Using this as a base concept, the set design for this production is very simple, minimal and functional. Different levels will define space on the set. The minimal set essentially creates a ‘blank canvas' which allows for a palate of possibilities whilst engaging child imagination. It allows the audience to make to create their own meaning, making this production relatable and transformational. As the set is fundamentally basic, props and costumes will be objects that are important in the production. As with costume, and lighting and sound, all props in Zac The Hero are created by all members of the production, using craft materials such as bamboo and domestic objects. Production Supervisor, Michael Smalley, explains the foundation of using such objects and craft materials to make set props, by asserting - "…we want to show our audience that they can do these things!".
The set for Zac the Hero is very basic, using the analogy of a young boy's mind. The use of black signifies space and the cosmos, representing Zac's brain and the potential for endless possibilities. The use of colours is limited to the primary colours (red, blue and green), keeping in with the theme of the simplicity.
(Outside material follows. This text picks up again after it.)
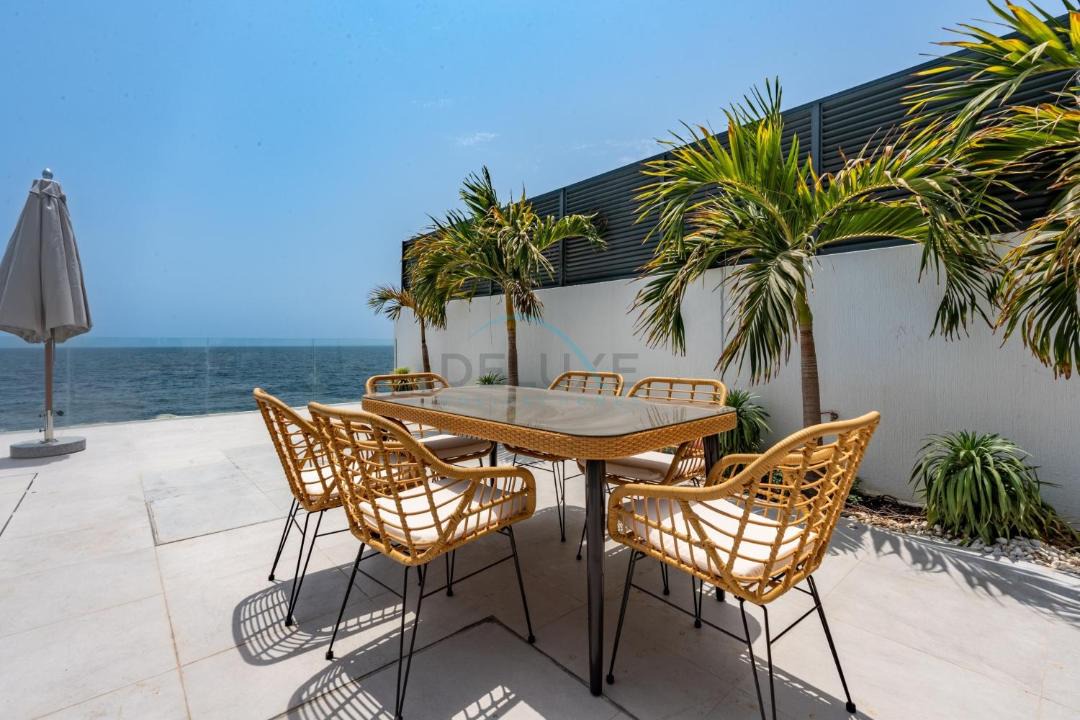 Photo of Patio Balcony in Sharm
To assist with the telling of the story, props are used by the performers. Although there are actual props used, many are held up by the performers. For example, when a bed is needed, two performers hold up either end, and are able to transport the prop wherever it is needed.
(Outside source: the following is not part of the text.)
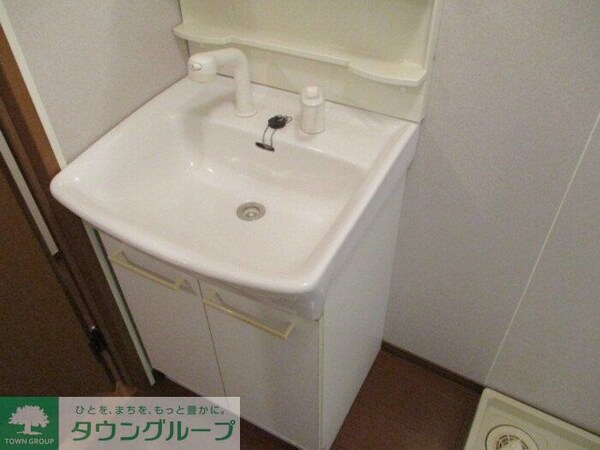 洗面(お問合せは【タウンハウジング】まで！※現地待合わせ相談可！)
As theatre is always a collaborative artform, all kinds of artists with different specialties combine their talents together to create a production. As with costume design, it is an important premise in Zac the Hero, that all 44 performers are involved in the production of the music, and further, the operation of the sound and lighting board. This also helps children to remember that what is being created is make-believe and not real, as they are aware that someone is actively operating the lighting and sound board. The lighting scheme used is very simple, using only what is necessary with a few special affects. There is what is called a ‘wash' for the day scenes and the night scenes. This is where the lights are washed over the stage to create a certain mood, in this case either day or night. Where there is colour required, once again only the primaries of red, blue and green are used.
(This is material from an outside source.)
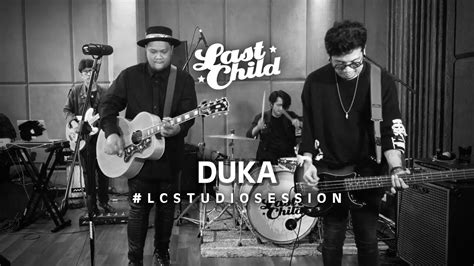 Last Child - Duka (Studio Session) - YouTube Music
Sound plays an important part in this show, using song and music to convey the sense of space and the mystical journey. For example, the song I Need a Hero, the Bonnie Tyler version is used to push the need for Zac to be a hero for fairyland. Another prominent bit of music used is the corroboree performed by the Falling People. To individualise the four ‘worlds' in this production, music is used in a way to separate the doco world, the world inside Zac's head, Fairyland and the ‘real' world. The lighting in Zac will also reflect this. This is an important aspect in this production, as this allows the audience to make a clear distinction between these worlds, and thus allows the story to flow smoothly.
With a vast array of fairy-tale like creatures, and characters differing in size, shape and form, costume design is of particular importance to individual character identity in this production. As Zac the Hero involves many characters which have metaphoric meaning, this identification is not merely a physical one. In this way, it was important to design costumes in an expressionistic manner, by discovering the metaphoric meaning behind each character and designing a costume which represents that meaning, rather than designing a definite realistic recognition of what species of creature each character is. Each of the 44 performers are also involved in costume design. In this manner, the individual characteristics of every performer influences each and every costume design. As creator of this production, Scott Alderdice highlights "each of the 44 people feeding in on our costume design … is balanced with an understanding and awareness of the intended audience, allowing us to extend these different influences to a very satisfying and meaningful limit."